> **Problem details**
Please write the listing below out again exactly, leaving every picture behind.

> **Data shown**

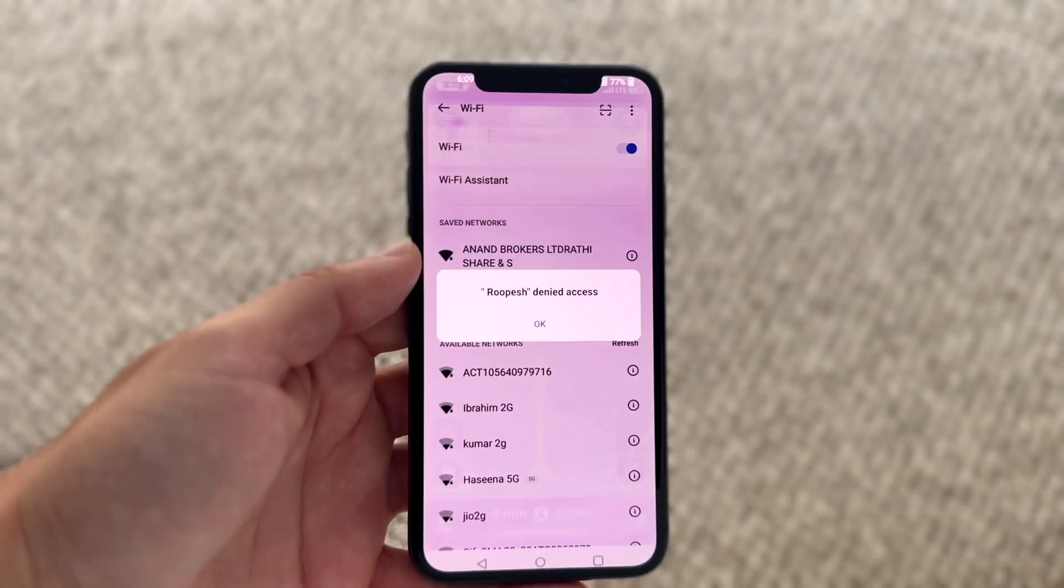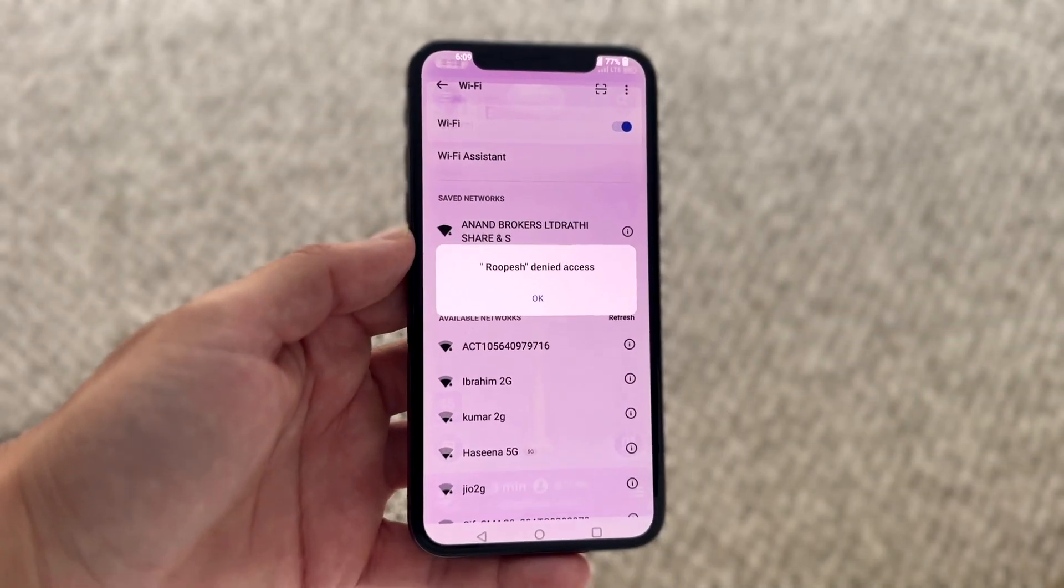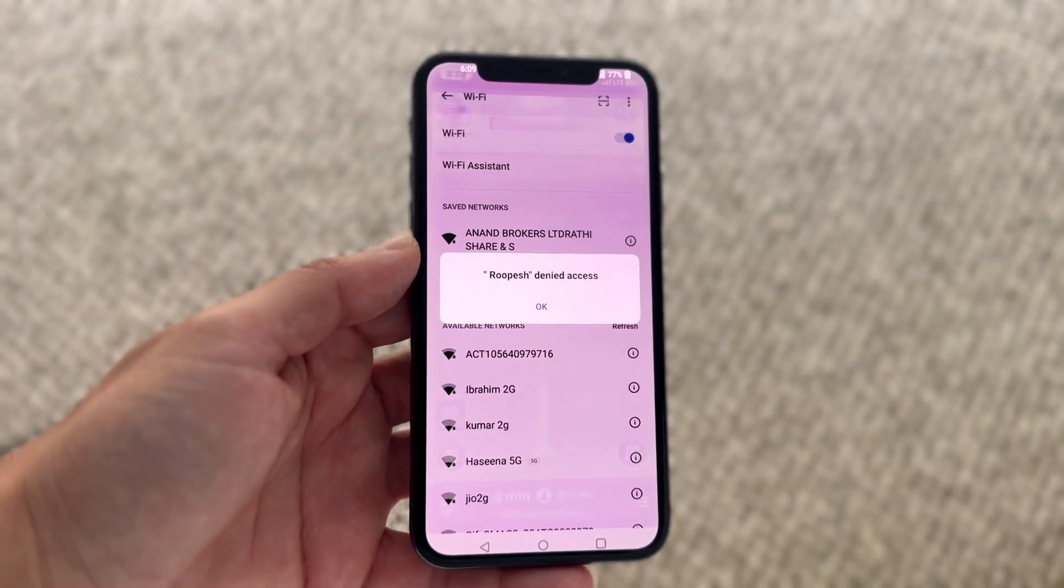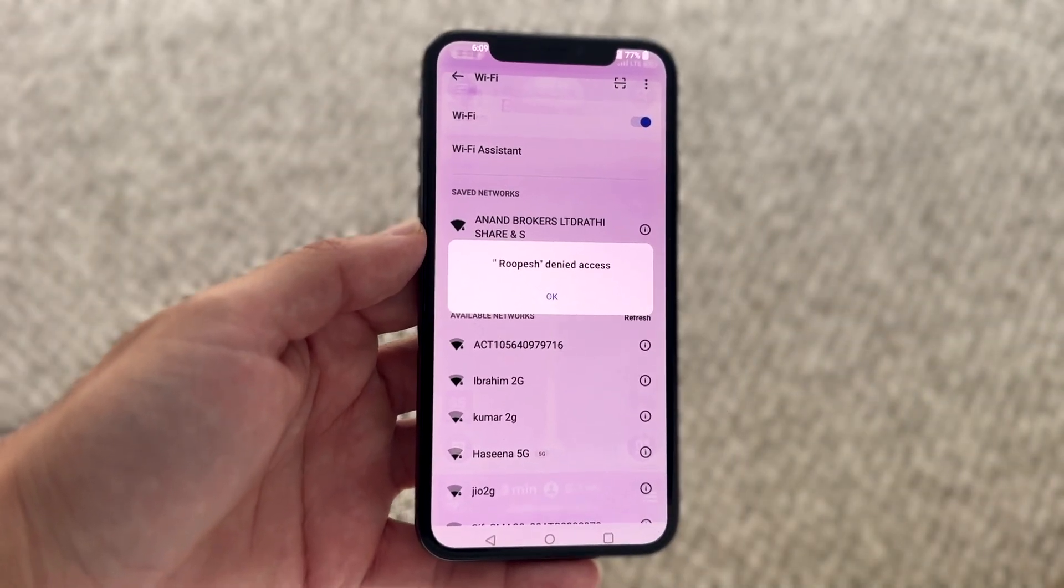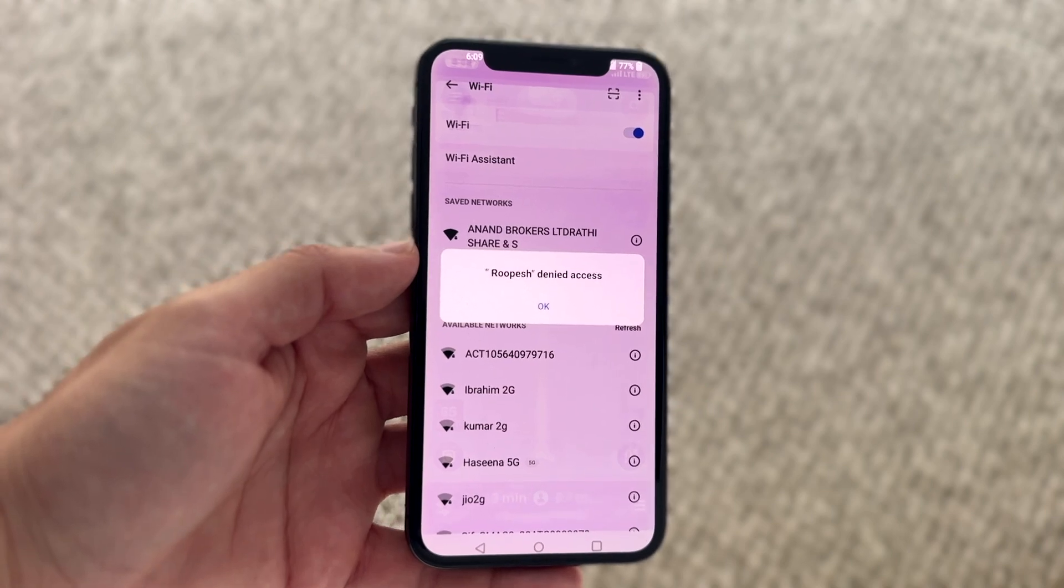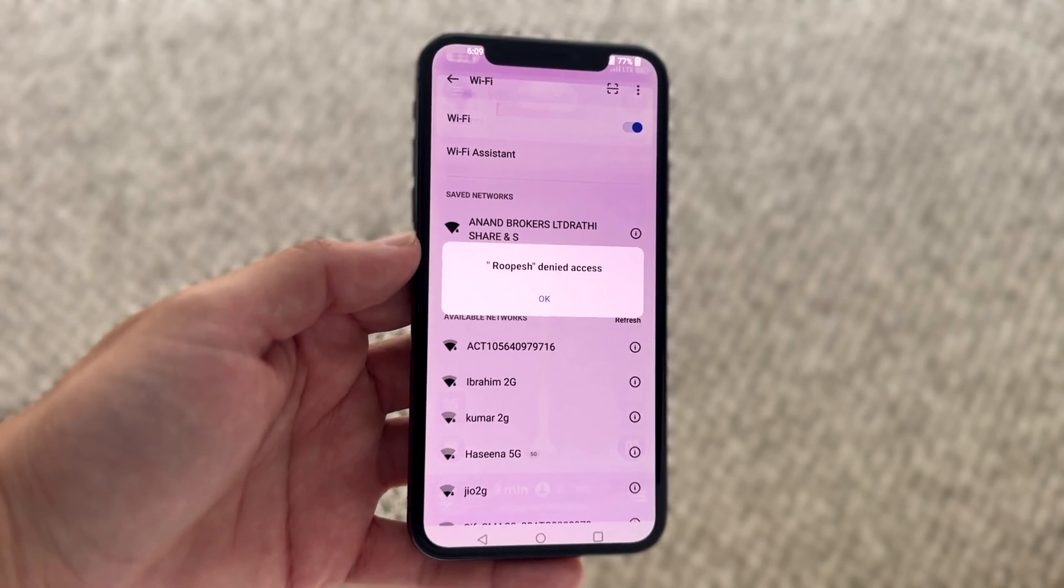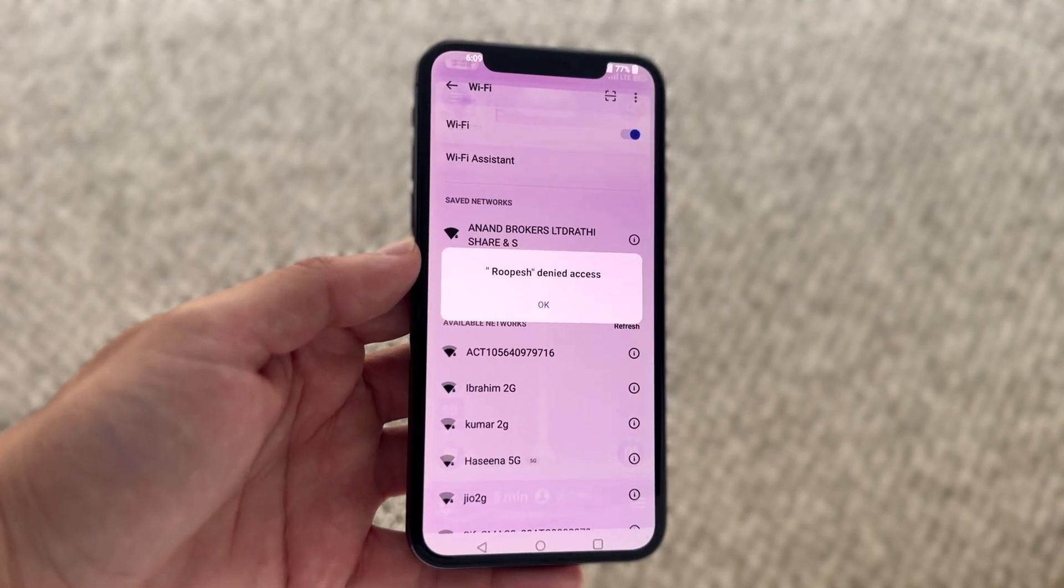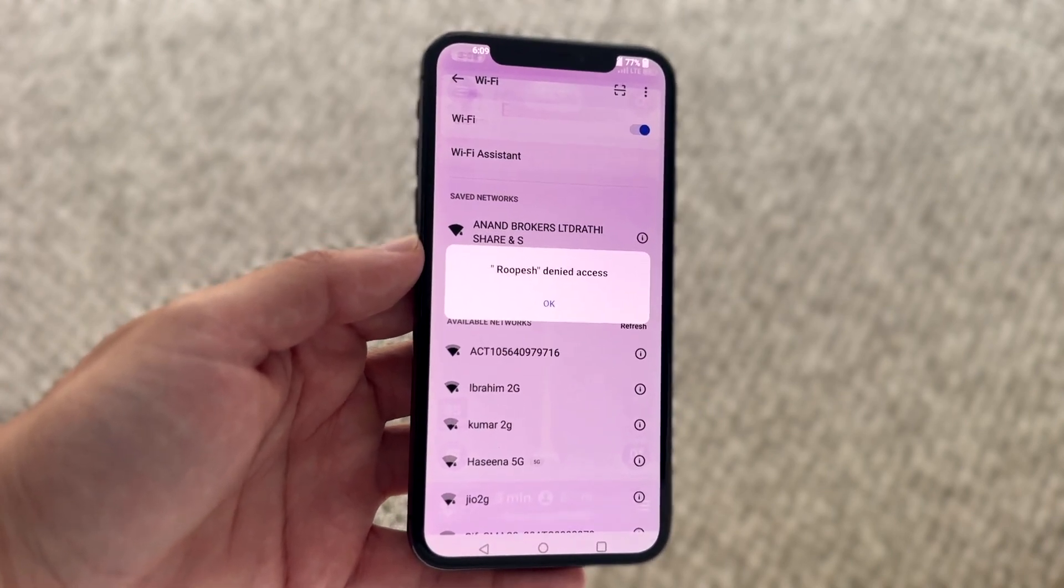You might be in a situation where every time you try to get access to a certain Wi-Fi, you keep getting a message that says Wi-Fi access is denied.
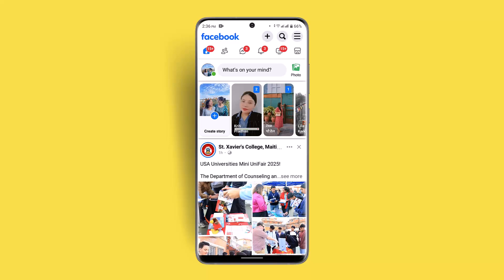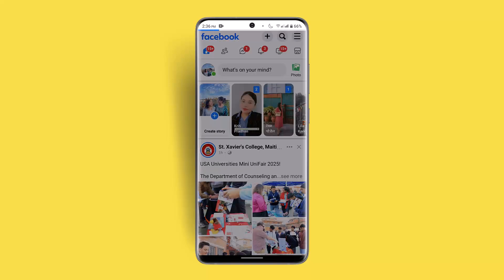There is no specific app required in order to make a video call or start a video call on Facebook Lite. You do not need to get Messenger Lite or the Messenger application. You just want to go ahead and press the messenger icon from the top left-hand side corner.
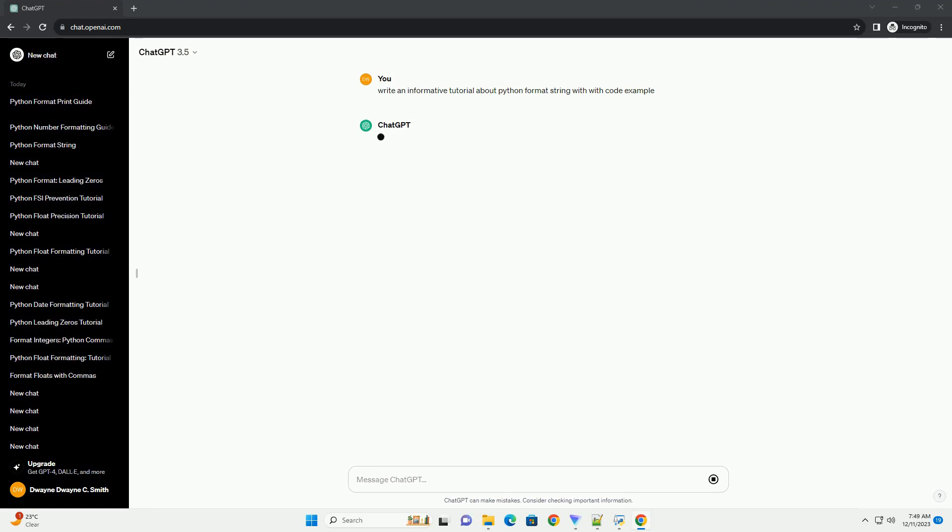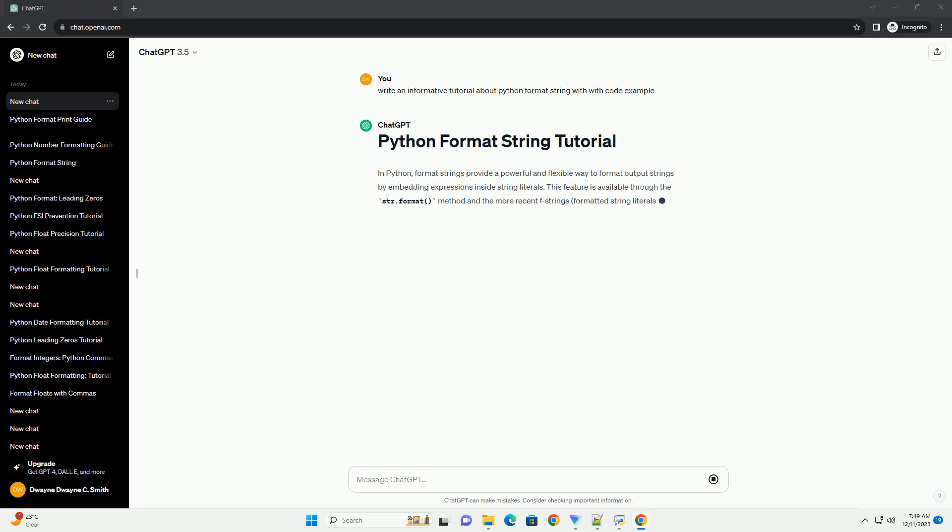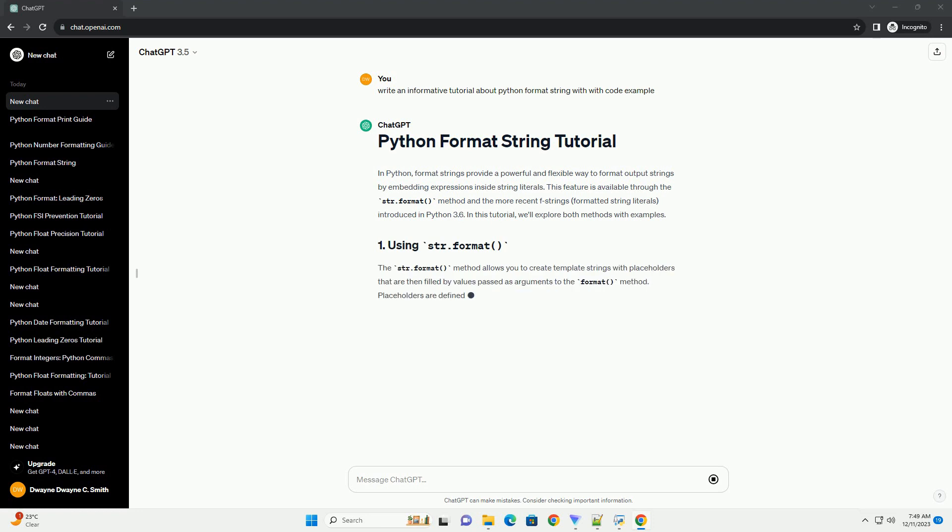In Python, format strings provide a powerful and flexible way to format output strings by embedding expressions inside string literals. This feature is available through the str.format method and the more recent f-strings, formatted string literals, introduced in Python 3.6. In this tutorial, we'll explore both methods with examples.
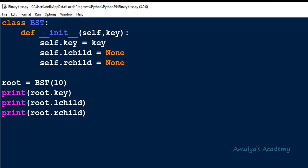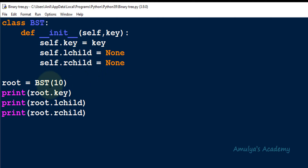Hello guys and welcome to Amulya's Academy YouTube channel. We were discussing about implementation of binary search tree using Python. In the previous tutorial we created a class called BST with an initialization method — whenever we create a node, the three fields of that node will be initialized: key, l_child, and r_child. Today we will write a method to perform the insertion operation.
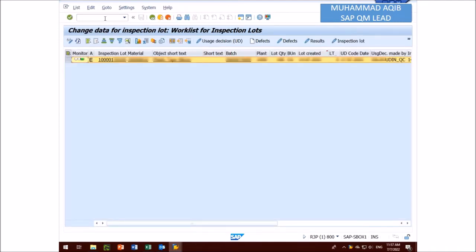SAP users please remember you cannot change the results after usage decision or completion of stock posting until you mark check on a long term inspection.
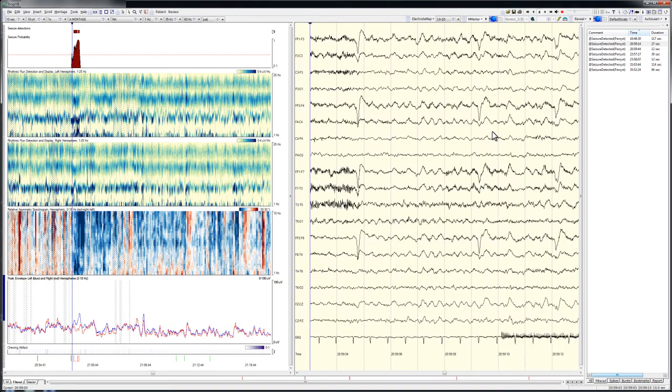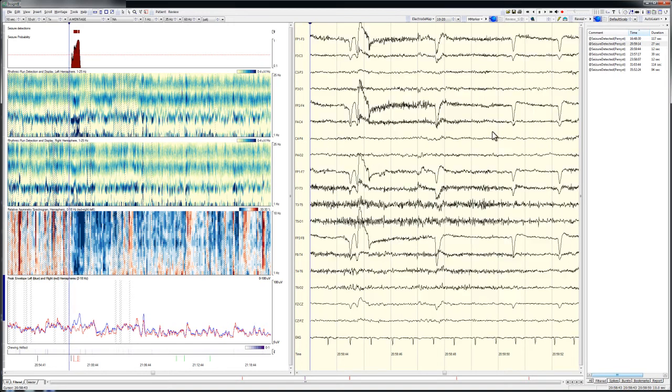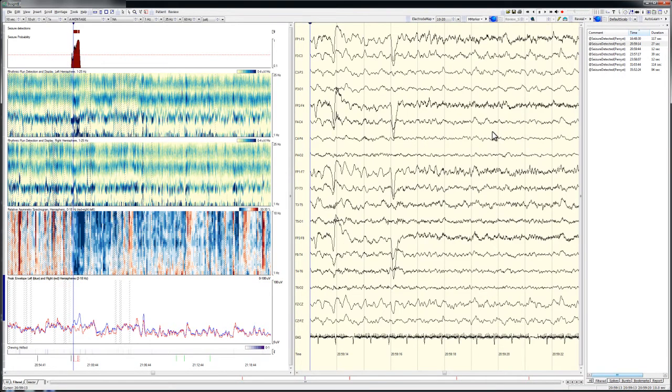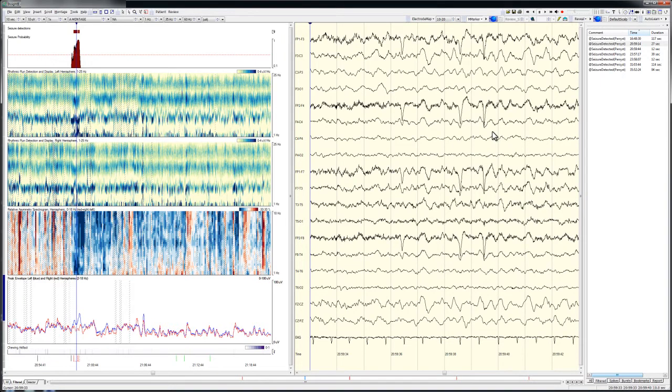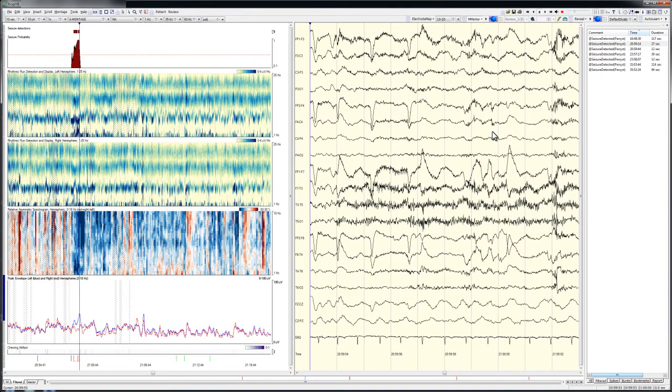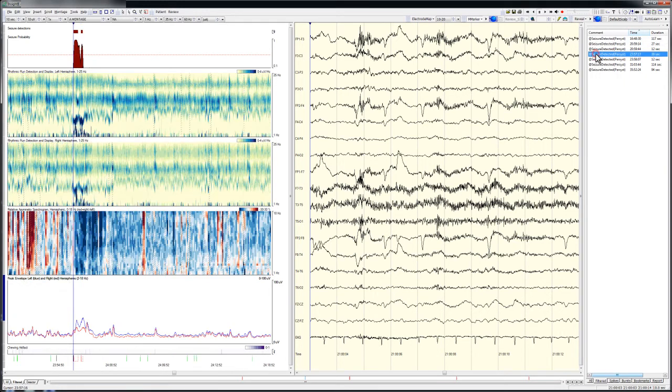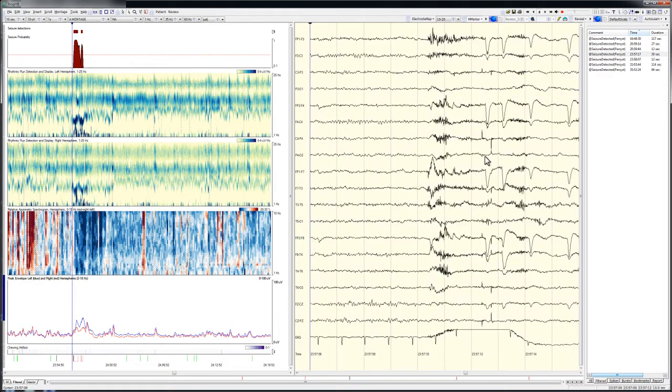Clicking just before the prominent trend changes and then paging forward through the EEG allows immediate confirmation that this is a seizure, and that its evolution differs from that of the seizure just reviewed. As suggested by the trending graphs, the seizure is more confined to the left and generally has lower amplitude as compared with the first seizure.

> **Reply**
You might be in a situation where every time you try to get access to a certain Wi-Fi, you keep getting a message that says Wi-Fi access is denied.
There is no specific app required in order to make a video call or start a video call on Facebook Lite. You do not need to get Messenger Lite or the Messenger application. You just want to go ahead and press the messenger icon from the top left-hand side corner.
In Python, format strings provide a powerful and flexible way to format output strings by embedding expressions inside string literals. This feature is available through the str.format method and the more recent f-strings, formatted string literals, introduced in Python 3.6. In this tutorial, we'll explore both methods with examples.
Hello guys and welcome to Amulya's Academy YouTube channel. We were discussing about implementation of binary search tree using Python. In the previous tutorial we created a class called BST with an initialization method — whenever we create a node, the three fields of that node will be initialized: key, l_child, and r_child. Today we will write a method to perform the insertion operation.
SAP users please remember you cannot change the results after usage decision or completion of stock posting until you mark check on a long term inspection.
Clicking just before the prominent trend changes and then paging forward through the EEG allows immediate confirmation that this is a seizure, and that its evolution differs from that of the seizure just reviewed. As suggested by the trending graphs, the seizure is more confined to the left and generally has lower amplitude as compared with the first seizure.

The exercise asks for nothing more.